4. What was the comparator? - Saline placebo? (Can attribute effects to vaccine) - Another vaccine? (Can only detect differences between vaccines) - No control? (Can't attribute anything)

The Translation Guide¶

What They Say	What It Often Means
"No evidence of harm"	"Harm not detected at our detection threshold"
"Well-tolerated"	"No common (>1-2%) adverse events observed"
"No serious adverse events"	"None in our sample over our follow-up period"
"Similar rates in both groups"	Only meaningful if control was inert
"Extensive safety record"	May mean decades of use, not decades of study

The Point¶

"No evidence of harm" is not the same as "evidence of no harm."

The phrase should prompt questions: What was measured? For how long? With what power to detect? The answers determine whether "no evidence" is reassuring or meaningless.

When the sample is small, the follow-up is short, or the outcome wasn't measured, "no evidence of harm" means: we don't know.

The problem is not uncertainty.
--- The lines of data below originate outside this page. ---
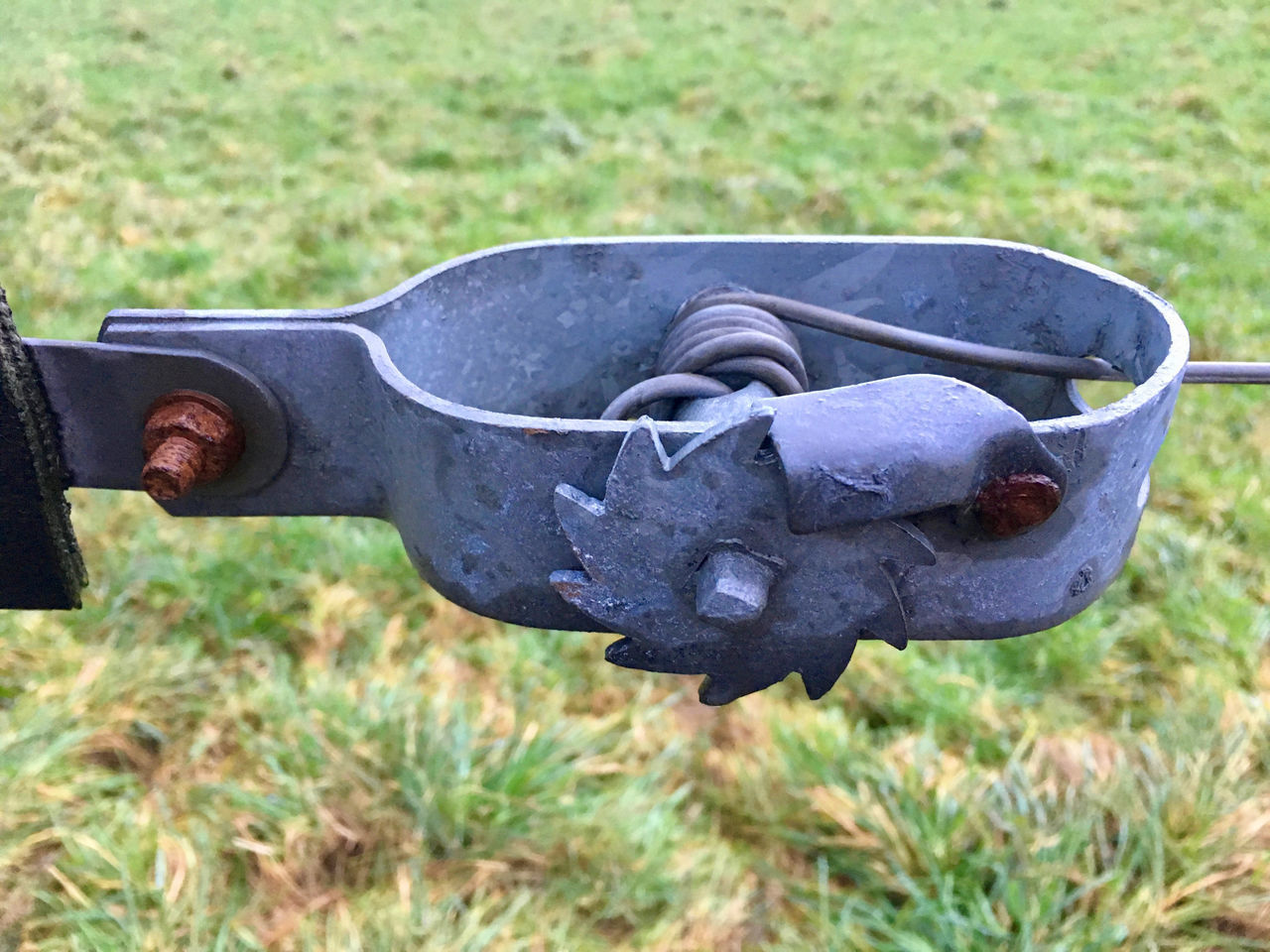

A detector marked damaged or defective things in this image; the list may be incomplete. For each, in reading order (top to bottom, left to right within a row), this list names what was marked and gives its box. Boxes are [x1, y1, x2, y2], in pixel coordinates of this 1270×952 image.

corroded fastener [141, 391, 246, 502]
rusty bolt [141, 391, 246, 502]
rusty bolt [976, 472, 1064, 539]
corroded fastener [984, 472, 1064, 539]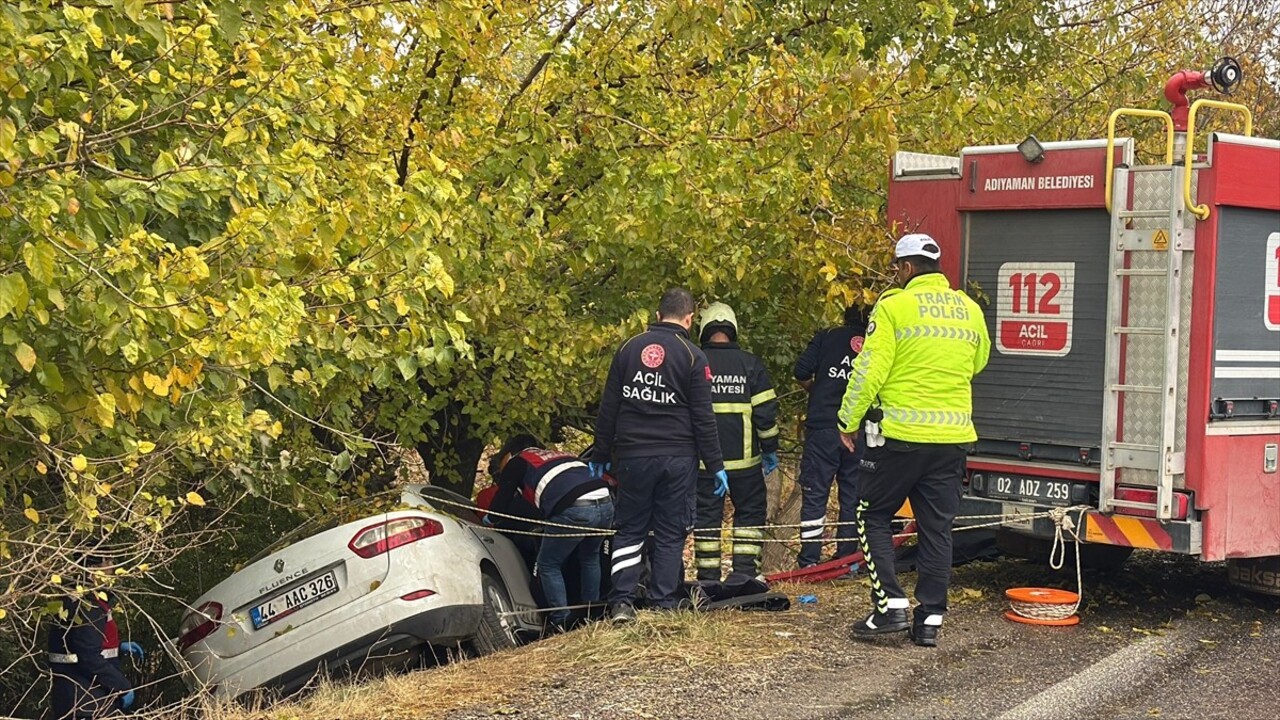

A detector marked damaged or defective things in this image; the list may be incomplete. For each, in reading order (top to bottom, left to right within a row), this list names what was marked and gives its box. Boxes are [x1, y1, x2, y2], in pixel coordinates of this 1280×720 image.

crashed white car [174, 480, 540, 700]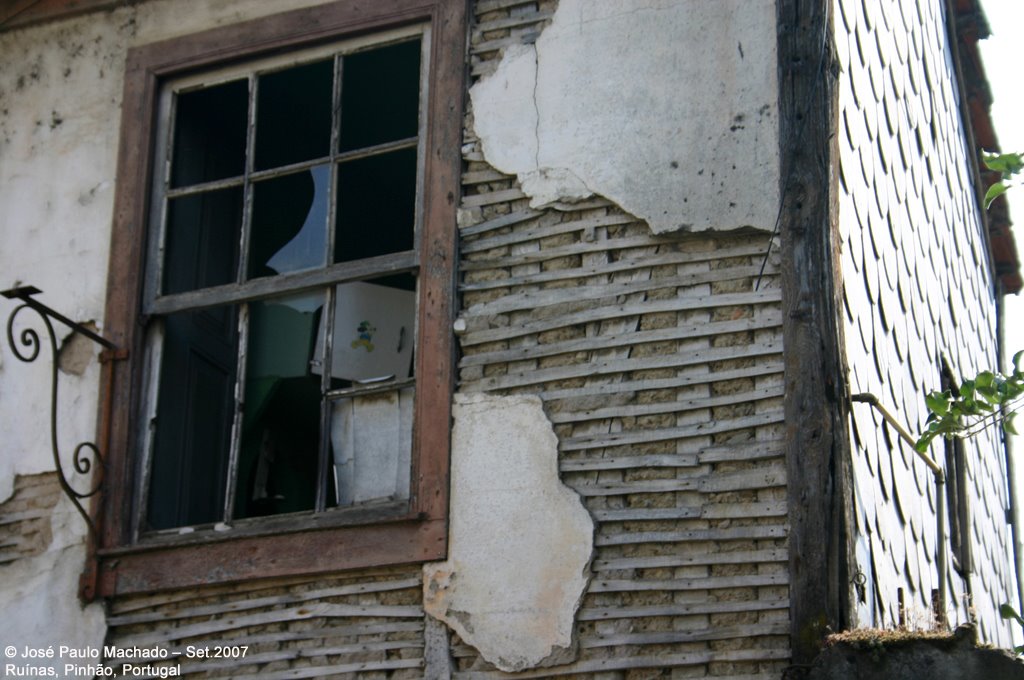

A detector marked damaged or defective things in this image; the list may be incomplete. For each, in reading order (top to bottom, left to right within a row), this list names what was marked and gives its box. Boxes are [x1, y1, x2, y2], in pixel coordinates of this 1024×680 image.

broken window pane [163, 187, 243, 292]
broken window pane [169, 78, 247, 187]
broken window pane [247, 164, 327, 278]
broken window pane [254, 58, 331, 171]
broken window pane [335, 148, 415, 262]
broken window pane [339, 39, 419, 152]
peeling plaster [468, 0, 778, 233]
cracked plaster patch [468, 0, 778, 233]
broken window pane [147, 303, 238, 532]
broken window pane [235, 292, 323, 520]
peeling plaster [421, 393, 593, 675]
cracked plaster patch [423, 393, 598, 675]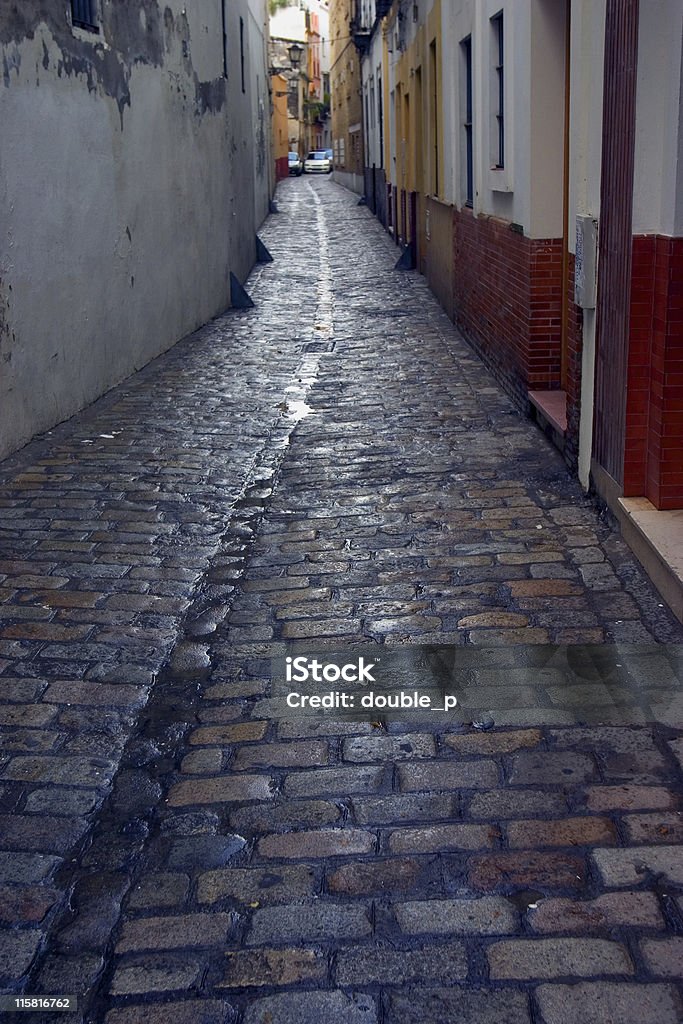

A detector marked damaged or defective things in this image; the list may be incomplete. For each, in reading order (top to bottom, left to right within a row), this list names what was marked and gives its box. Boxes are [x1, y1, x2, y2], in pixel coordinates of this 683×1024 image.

peeling plaster wall [0, 0, 272, 456]
cracked wall surface [0, 0, 272, 456]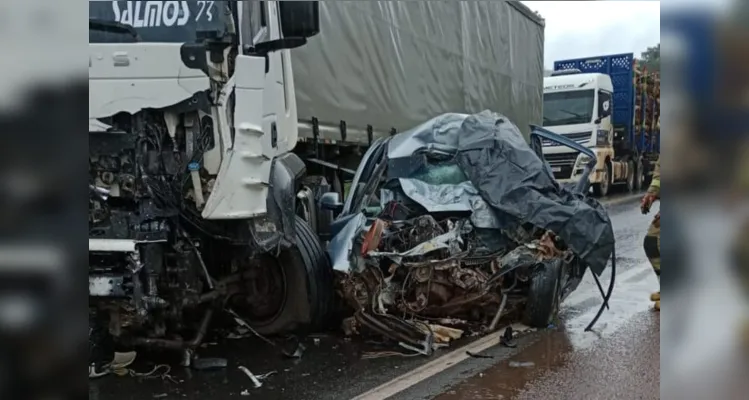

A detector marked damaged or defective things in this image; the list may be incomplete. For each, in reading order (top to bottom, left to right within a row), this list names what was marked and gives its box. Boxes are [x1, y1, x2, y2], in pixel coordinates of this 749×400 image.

damaged truck cab [87, 0, 334, 368]
damaged truck cab [320, 111, 608, 350]
wrecked car [318, 110, 612, 354]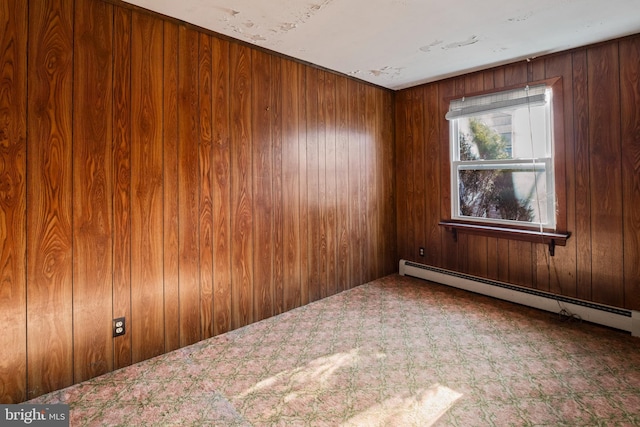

Uncertainty is inevitable in medicine. The problem is pretending different kinds of uncertainty are the same.

Honesty requires distinguishing "we looked and found nothing" from "we didn't look" or "we couldn't see." The current convention of lumping all three under "no evidence of harm" serves clarity poorly.

Notice the asymmetry: when ambiguity exists, it reliably cuts in the reassuring direction. The public hears "safe." When challenged, experts can retreat to "we only claimed no evidence in our specific study": a motte-and-bailey where the defensible claim is not the one that shaped decisions.

Pre-licensure trials aren't the whole safety system. A future post will examine what post-market surveillance can and cannot detect.

If you spot an error in my reasoning, data, or sources, tell me. I'll correct it publicly.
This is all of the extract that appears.